Public and Private Information on Nursing Home Care Risk (with Owen O’Donnell & Teresa Bago d’Uva)

Inaccurate expectations of nursing home care needs can distort willingness to pay for long-term care insurance and cause financial hardship in old age. Using the Health and Retirement Study, we measure the accuracy of older Americans’ subjective probabilities of moving to a nursing home within five years and identify the contributions of public and private information to that accuracy. We find that while the subjective probabilities have predictive power and are reasonably close to the objective risk on average, individuals, particularly the least wealthy, make noisy predictions that are highly inaccurate. In part, the inaccuracy stems from inappropriate weighting of risk factors that insurers can observe and use in pricing contracts. Subjective probabilities capture only 30% of the potential discriminatory power of this public information. Nevertheless, they are predictive of long-term care insurance coverage, even when controlling for public information. This indicates that long-term care insurance may be afflicted not only, or even mainly, by adverse selection arising from private information but also by behavioural selection – suboptimal insurance decisions resulting from misuse of public information.

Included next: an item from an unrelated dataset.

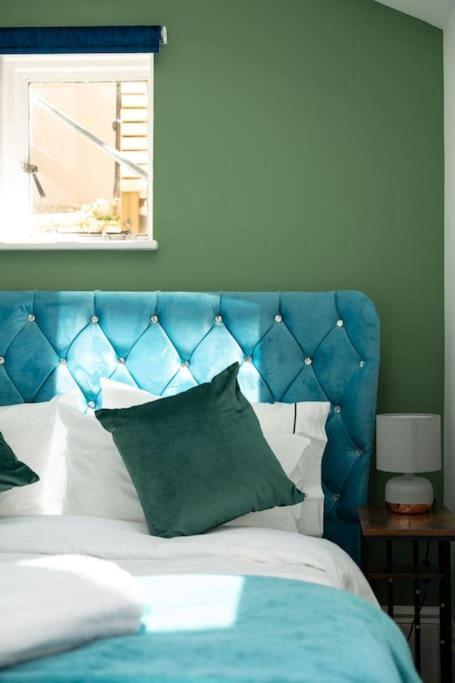 Stylish Beachfront Bolthole With Stunning Sea Views And Luxury Touches Herne Bay Kültér fotó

Gender and Mortality in Russia: A Decade of Lifestyle Changes (with Teresa Bago d’Uva)

Virtually all around the world, women are less likely to die than their male counterparts. This gender gap in mortality is especially striking in Russia, where the gender difference in life expectancy exceeds 10 years. This paper examines the changing contribution of lifestyles to the gender disparity in 5-year mortality in Russia by decomposing the gender mortality gap for two relevant periods a decade apart: 2000-2003 and 2010-2013. Our results indicate that gender differences in lifestyles explain a substantial part of the gender mortality gap in the early 2000s (47%) and the early 2010s (29%). Most of this lifestyle contribution is due to gender differences in smoking behaviour, with alcohol consumption contributing relatively little. Over time, the gender gap in mortality has shrunken considerably. Along with it, there has been a noticeable decline in gender differences in lifestyles. The results point to men’s declining tobacco consumption as the main lifestyle factor responsible for narrowing the gender gap, but men’s decrease in excessive alcohol use has also contributed, albeit to a much lesser extent.


Research in Progress


Teachers’ Beliefs and Students’ Human Capital: The 2015 CITO Reform (with Vahid Moghani)

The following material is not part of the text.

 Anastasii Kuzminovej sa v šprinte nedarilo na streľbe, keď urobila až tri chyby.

In the Netherlands, students in their final year of primary school are tracked by ability for secondary education. Before 2015, this tracking was mainly determined by the result of a, mostly central, test taken in the final year of primary school, the CITO test. However, since 2015, this test result is no longer leading, but the recommendation of the teacher, determined before the student takes the test, mainly determines the track. This research investigates the consequences of this reform by looking at teachers’ behaviour and students’ mental health and educational attainment following the reform.